There are three methods for getting someone's values out of their mouth and onto a piece of paper. Each method accesses a different depth of the unconscious mind, and together they give a comprehensive picture.

**Method 1 -- Standard NLP Elicitation**

This is the simplest method. I ask: "What's important to you about your career?" The person gives me a list of words. Then they naturally run out of ideas -- that is called emptying the buffer. So I ask again: "In the context of your career, what's important to you?" And they come up with a few more. Then I ask a third time. Three times through the buffer gives me a comprehensive starting list.

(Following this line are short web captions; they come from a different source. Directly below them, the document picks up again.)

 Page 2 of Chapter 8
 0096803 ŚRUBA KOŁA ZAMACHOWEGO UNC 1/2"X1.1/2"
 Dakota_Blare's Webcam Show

> "By asking the question, you're directing their focus deeper and deeper and deeper three times."

In standard NLP, this is the entire elicitation. But we go further.

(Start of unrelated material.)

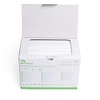 Munskydd Barrier vit sensitive klass IIR knytband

**Method 2 -- Motivation Strategy**

This one is more subtle. It was found that right before someone feels totally motivated, there is a V-K synesthesia -- a picture-feeling that happens completely out of awareness. The label of that feeling is a value.

I ask: "In the context of your career, can you remember a time when you were totally motivated? Can you remember a specific time? As you remember that time, what was the very last thing you felt just before feeling totally motivated?"

They might say "excitement." I add it to the list, then repeat the process with a different time. I keep going until I get a repeated word. Usually one to three values come out of the motivation strategy. If someone gives me something too chunked down -- like "I was thinking this was really cool" -- I chunk them up: "What's important to you about that?" Until I get a proper value word.

**Method 3 -- Threshold Values**

These are the line-in-the-sand values -- deeply unconscious. I show the person the full list we have built so far and ask: "All of these values being present, is there anything that would cause you to leave?"

They contemplate it and might say "no freedom" or "betrayal." I add that to the list. Then I flip it: "All of these values being present, including the one you just said -- is there anything that would cause you to stay?" Maybe they say "fear." I add that. Then I oscillate back and forth -- leave, stay, leave, stay -- until I get repeat words or a blank.

> "All of those values could be present in your career, and yet you still quit. So these are very, very deeply held values."

Between the three methods, I get the full picture -- surface values, motivational values, and threshold values. And a good deal of the time, the most important values come from the motivation strategy or the threshold.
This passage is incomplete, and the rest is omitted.